A little bit about what we’re looking at for these examples: This data is the collective set of Enron emails from its infamous collapse in early 2000’s. We’ve loaded this data set into our Cloudera cluster and indexed it using Solr.
Once this data was loaded and indexed we tested with a series of queries… A full query on someone with a lot of references such as Ken Lay can run upwards of 15 minutes to bring back every email that contains a reference to him.
Imagine 10’s or 100’s of users each waiting 10-15 minutes for a single question to be answered, it clearly dilutes the effectiveness of the engine as a business tool.
Qlik has a tremendously powerful REST connector that is perfectly suited for connecting to sources such as Solr. (A great video on the Qlik REST connector can be found here: https://www.youtube.com/watch?v=FqwNU_pnFt4).
Qlik In-Memory Analytics with Solr
Armed with the REST connector, and a few connection parameters… We can pull the entire Enron email dataset into the Qlik engine via Solr.
By pulling the entire data set, we now ensure that all users have sub-second access to all the data down to the most granular level, and thanks to our associative search technology – all the data has been indexed and correlated in-memory. We can gain further insights by incorporating stock market data. Combining Enron’s stock performance with their emails tells an interesting story of rising email volume along with collapsing stock prices and elevating trade volumes.
Using a mix of visualization techniques, we can see a pretty interesting collection of data, including the famous “deleted emails” gap on the bottom right chart.
Performing some additional analysis, we can drill in on the height of the crash that also correlates with the spike in email volume, followed by a rapid drop in volume.
Making a few more selections we can dive down into a specific name, or comment to filter down the result sets further.
This associative search allows us to dive down into the details of the “TO” elements of the data set and see the metrics affiliated with those names.
We can also jump over to the final sheet on the app and look at the individual emails body content filtered by our prior selections made in the application.
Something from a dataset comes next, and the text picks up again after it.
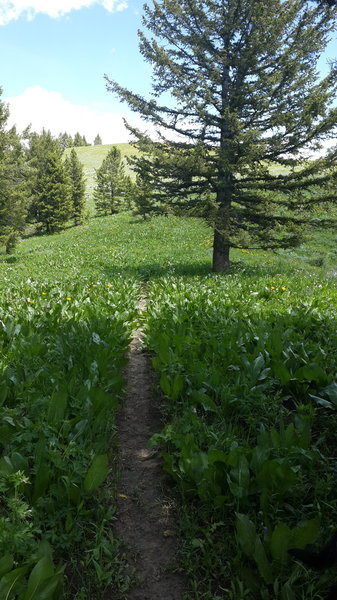 One of the good sections on the Monument Ridge Trail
QIX API Powered Solr Search:
The above approach of using Qlik in-memory to front end the Solr search engine is just one of the many ways Qlik can access unstructured data in big data systems.
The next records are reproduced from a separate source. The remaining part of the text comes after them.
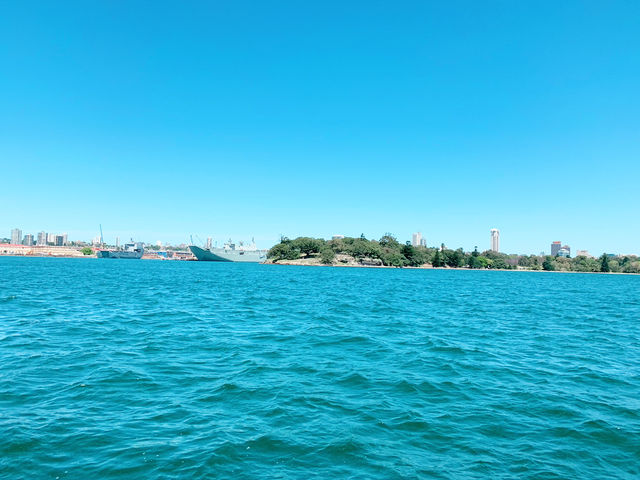 Sailing to the Wild Side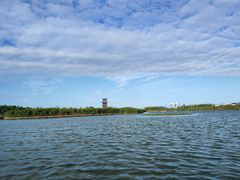 -春花秋色城市公园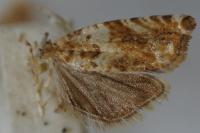 Epinotia abbreviana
Let’s consider another application also using Qlik with Solr – this time with just the Qlik API’s. As a quick refresher, the Qlik engine (called QIX) is a fully API enabled engine with tremendous extensibility that allows Qlik to plug into any web based technology (like Solr). Using the awesome QlikSocial framework from the esteemed Johannes Sunden (https://github.com/johsund/QlikSocial), he adapted the webapp to connect to Solr on demand and build a full webapp from scratch.
We start with a search box… And our name(s) of interest:
Now unlike the formatted Qlik Sense app, when a user hits the “search” bar – everything will happen dynamically on the fly using the API’s.
Qlik will dynamically generate a REST connection to Solr, create and load the requesting data into memory, and then build a web app around the data using bootstrap.js and angular.
The webapp is still using the Qlik engine, so selections and the search engine are still available – but all the charts and graphics are html and d3js charts – not Qlik. We’re just powering the app and the data interactivity with the QIX engine!
Solr is an extremely powerful unstructured search engine that can benefit from the speed and structure Qlik analytics can provide as a focusing lens on the core Solr search technology. That data can be consumed in a number of formats including a completely structured Qlik Sense app, or as an API powered web application without any Qlik UI components.